After 6+ frustrating months of struggling, I am giving up on using I2C with my launch pads (G2553 & F5529). Seemingly no matter what I try, I can't get it to work reliably with any of my peripherals. I've tried half a dozen various libraries, both ti compiler (CCS) and Energia/GCC based, with no great success. (The only test cases that I could get running were with two identical launchpads with single byte communication from verbatim example code.) Sadly, due to the wide variety of compilers, libraries, devices and pull-up resistor values that I have tried, I just can't put together a correct combination of them to make any progress.
On the other hand, I have no problems what-so-ever getting I2C to work on an Arduino. Stuff just works and driver libraries are readily available for all my I2C devices.
My main issue is that I have a big base of code written for my F5529 that needs to be able to talk to my I2C sensors. (FWIW, it pulls in various custom built controls/sensors and translates them into (selectable) USB-HID joystick output or RC transmitter PPM signals. It allows my simulator cockpit to be used on either a PC Flight simulator or an FPV Helicopter.)
I am now considering having an Arduino be a middle-man and handle all the I2C devices, and have the F5529 use a different protocol (SPI?UART?) to give commands/get sensor data to/from the Arduino.
Main Question:
1) Are their "gotchas" with using either SPI or UART with a F5529? In a perfect world, they would connect to the Arduino with simple-straight through wires, with nothing but a 3.3v/5v logic level converter between them and nothing to configure beyond baud rate. Which of these protocols would be easiest to use in a real-world bread-board scenario? (I'd welcome any real-world issues that people have had with either)
2) What would be the simplest proof-of-concept unit test I could do with an F5529 and an Arduino to test communication? (I2C was terrible for this, because of how many possible problems could make even the simplest test fail. I couldn't test only 1 thing at a time. I never knew if I when I iterated after a failed test and things still didn't work, if my change was right/wrong, or if the issue was caused by multiple things in the chain.) I need one "hello world" test that I know should work that I can use to get wiring, etc. setup and verified without any concern that the test itself isn't workable.

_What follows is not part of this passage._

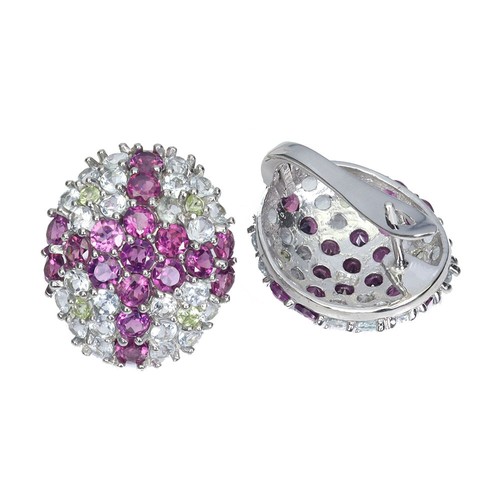 925 Sterling Silver Earrings Round Rhodolite Aquamarine Peridot Gemstone jewelry - Picture 3 of 14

3) From a TILibraries (since my code base uses the TI compiler in CCS, I can't use Energia or GCC.) point of view, is SPI or UART preferable? I don't want another nightmare of discovering that the TI-libraries (like their I2C libraries and examples) are shoddy and nearly worthless. Plus, I'd prefer if and hardware components do what they are told to do when told to do so. (Unlike the I2C module that does things like command queuing and doesn't send a slave address until after your code sends its first byte of data, which makes debugging with a .)
Bonus question:
4) If anybody can provide an example of "real" I2C master code(at minimum meaning sending a slave address, then a register address, then a restart, then receive data, and handle basic issues like NACKs or a non-responsive slave with a graceful fail rather than hurling. Don't suggest the TI Examples as they horribly buggy, terribly designed and not functionally complete.) working on an F5529 and the TI compiler, I'd be thrilled. However, it would need to include a schematic of how it is hooked up and sample code: I've reviewed so many posts from people who "solved" their problem, but didn't include enough information to replicate what they did, I can't bear to do another shot-in-the-dark test.
Other info: My prototyping bench has all basic tooling with two inexpensive (reliable to about 12Mhz) logic analyzers, both have I2C/SPI/UART analyzer functionality. I've got multiple launchpads to play with (multiple G2553, F5529, and Arduinos and one Tiva 123), and multiple 3.3/5V logic-level converters (both I2C compatible and UART only). And, if I need it to get this to work, I don't mind buying something.